I love cookies. I love baking them. I love decorating them. I love trying new recipes. I love eating them. Cookies. The smell of freshly baked cookies is one of the most fantastic smells to me. Especially around Christmas, it's what I like to call Cookie Season. Oh! The varieties and flavors of all the cookies we've made over the years; choosing which ones to make next year, which ones will be a "favorite" or a "regular."

This year may be different. After the move, I will have 3 days to bake cookies before Christmas. I suppose I could bake some AFTER Christmas, but then, are they still Christmas cookies? Are they as good for New Years? I'm not sure. I've made chocolate chip cookies a few times, but none so far as to be called Christmas cookies. In those 3 short days, which recipes will jump to the top of the stack? Which cookies will be worthy of making, in absence of all the rest? Macaroons, with their sweet, sticky coconut bodies topped with a bit of maraschino cherry? Peanut butter blossoms, half-melted Hershey kisses pressed into warm, sugar-coated peanut butter rounds? Magic mints, their peppermint combining with the chocolate ever so perfectly, their tops crackled with powdered sugar? Fruitcake cookies, for those who shun the real fruitcake, these will make you change your mind? Scotch-a-roos, those elusive cookies so good we haven't ever tasted them yet? My famous sugar cookies, cut into so many festive designs, splashed with colorful, simple frosting?

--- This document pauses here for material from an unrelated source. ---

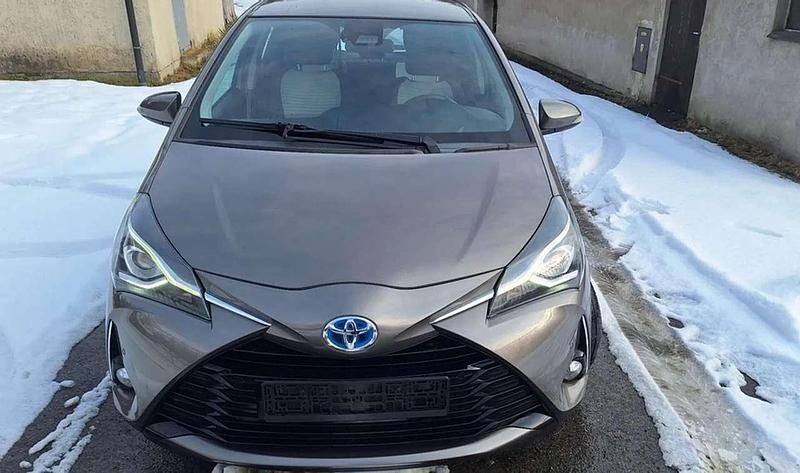 Gebraucht Toyota Yaris Hybrid Edition 75 PS (55 kW) 2018 Braun Limousine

I wish I could make them all, but today I'm baking up the rest of the gingerbread dough I made last week. It was my first shot at gingerbread. It's mighty tasty, but not as soft and poofy as I imagine really awesome gingerbread cookies to be. They look all poofy in the oven, and as soon as I pull them out, they go flat. Like a souffle. Delicious, thick, chewy cookies fresh out of the oven are, in seconds, demoted to flat, indistinguishable blobs, for not only have they caved in, they've spread. My meticulously cut gingerbread men could not hold their shape. Lop-sided 5-petaled flowers emerge instead of little boy cut-outs waiting to be dressed up in frosting and candy.

Despite their shape and lack of thickness, they are delicious. And chewy. I suppose I should be grateful that they didn't burn, or are otherwise inedible. I shall cast aside all my cookie cares and worries and bask in the satisfaction that something I've made brings smiles and sighs of delight to my family and friends. A toast, then, to Cookies!